Exercise directions
Would you give the listing again exactly, without its images?

Given material
++++++

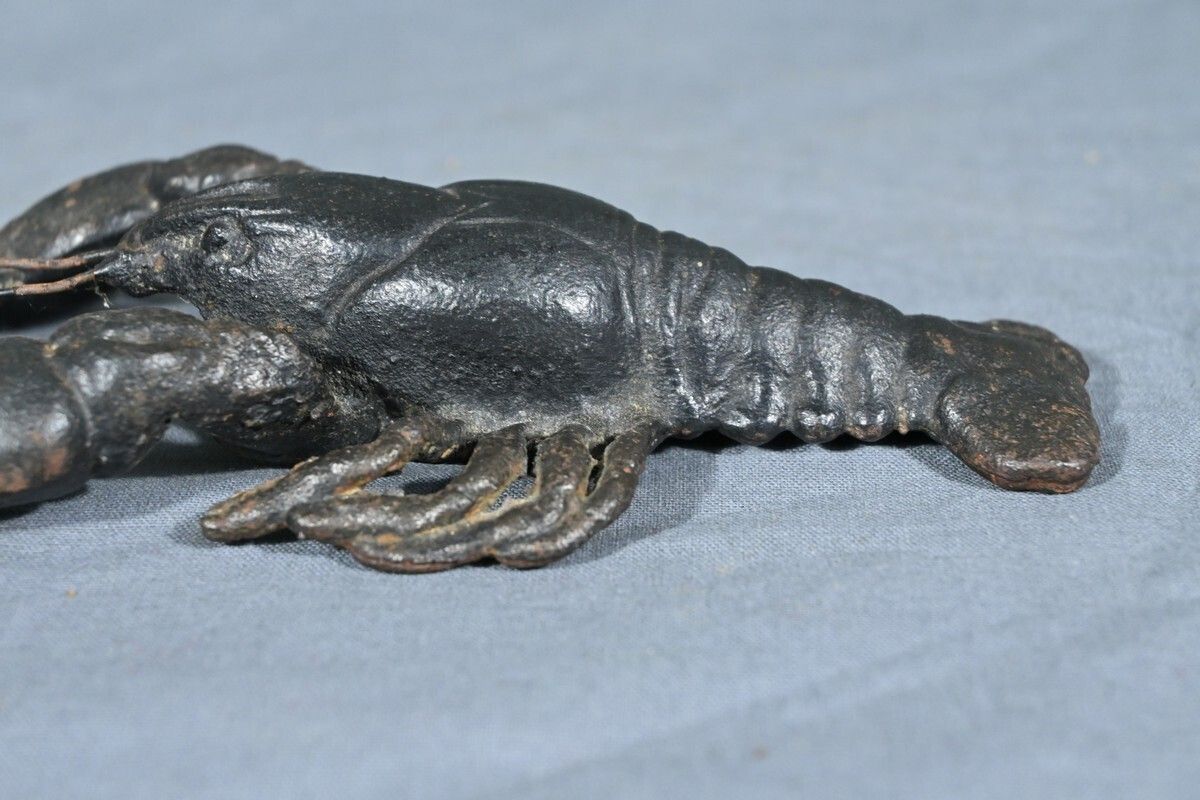 Cast Iron Paperweight – Early 20th Century photo vinterior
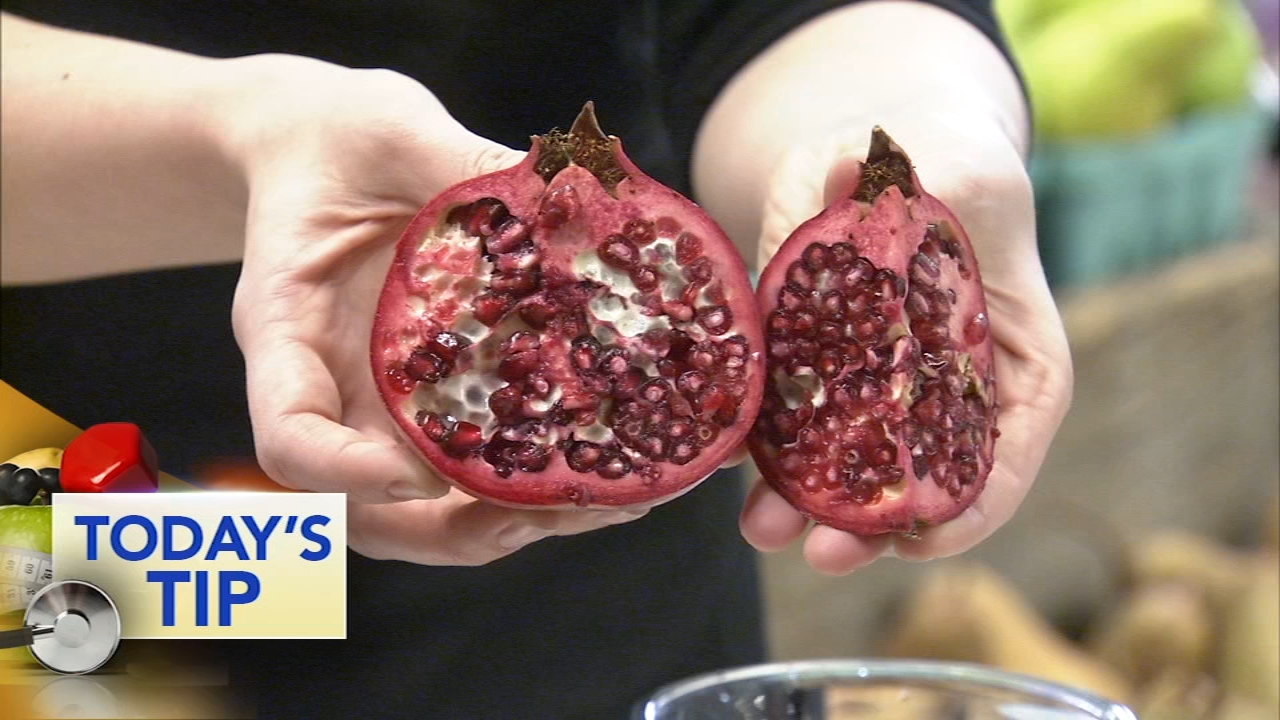 Harvesting seeds from pomegranates - Today's Tip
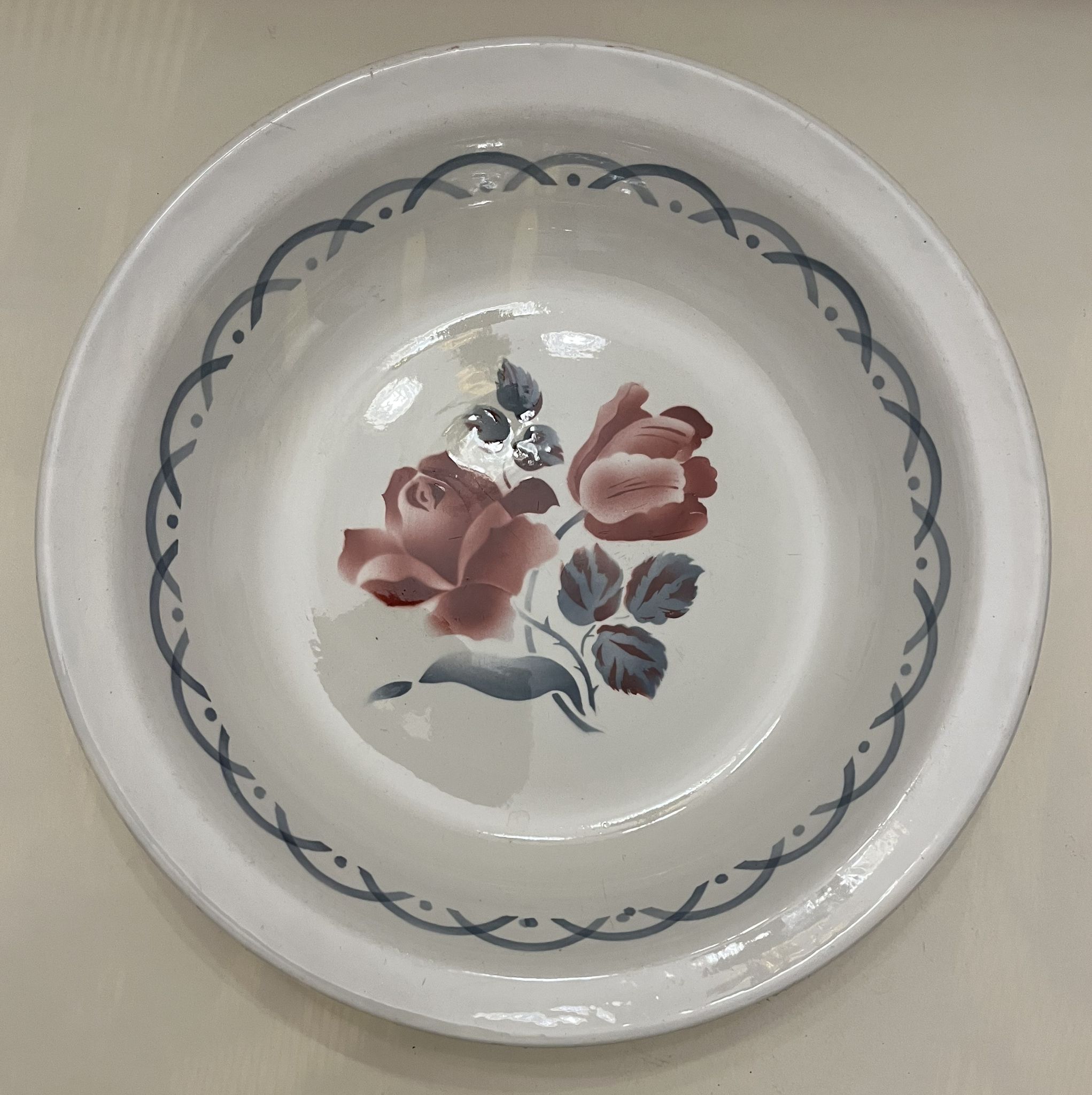 Set of two dishes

++++++

Result of the task
 Cast Iron Paperweight – Early 20th Century photo vinterior
 Harvesting seeds from pomegranates - Today's Tip
 Set of two dishes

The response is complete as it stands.